What is needed: Pull from the data below each line where the word "Figure" occurs, and copy it.

Stored entries

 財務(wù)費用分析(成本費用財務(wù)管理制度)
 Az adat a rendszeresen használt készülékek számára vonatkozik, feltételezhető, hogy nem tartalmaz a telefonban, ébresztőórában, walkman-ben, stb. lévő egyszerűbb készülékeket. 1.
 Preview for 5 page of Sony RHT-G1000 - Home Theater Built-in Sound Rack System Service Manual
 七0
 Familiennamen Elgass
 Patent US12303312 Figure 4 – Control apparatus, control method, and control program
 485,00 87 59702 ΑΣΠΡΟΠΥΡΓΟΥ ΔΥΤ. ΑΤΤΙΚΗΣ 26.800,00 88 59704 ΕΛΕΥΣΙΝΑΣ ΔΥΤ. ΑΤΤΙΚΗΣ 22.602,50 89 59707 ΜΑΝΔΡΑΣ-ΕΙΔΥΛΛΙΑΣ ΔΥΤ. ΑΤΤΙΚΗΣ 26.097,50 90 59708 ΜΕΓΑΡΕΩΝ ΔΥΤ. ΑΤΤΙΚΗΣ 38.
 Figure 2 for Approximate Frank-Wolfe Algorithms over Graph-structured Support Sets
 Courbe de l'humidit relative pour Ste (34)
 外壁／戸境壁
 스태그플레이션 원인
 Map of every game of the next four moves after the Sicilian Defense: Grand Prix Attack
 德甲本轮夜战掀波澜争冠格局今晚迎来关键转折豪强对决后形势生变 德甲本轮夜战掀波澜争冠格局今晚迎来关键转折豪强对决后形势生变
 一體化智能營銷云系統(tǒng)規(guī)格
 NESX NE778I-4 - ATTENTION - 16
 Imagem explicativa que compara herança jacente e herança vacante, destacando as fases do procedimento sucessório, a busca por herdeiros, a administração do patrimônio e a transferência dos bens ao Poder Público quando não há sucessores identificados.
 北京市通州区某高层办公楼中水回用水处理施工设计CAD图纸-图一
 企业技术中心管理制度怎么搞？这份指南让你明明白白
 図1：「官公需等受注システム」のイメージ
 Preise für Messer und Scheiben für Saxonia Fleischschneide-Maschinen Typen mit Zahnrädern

Completed exercise:
 Patent US12303312 Figure 4 – Control apparatus, control method, and control program
 Figure 2 for Approximate Frank-Wolfe Algorithms over Graph-structured Support Sets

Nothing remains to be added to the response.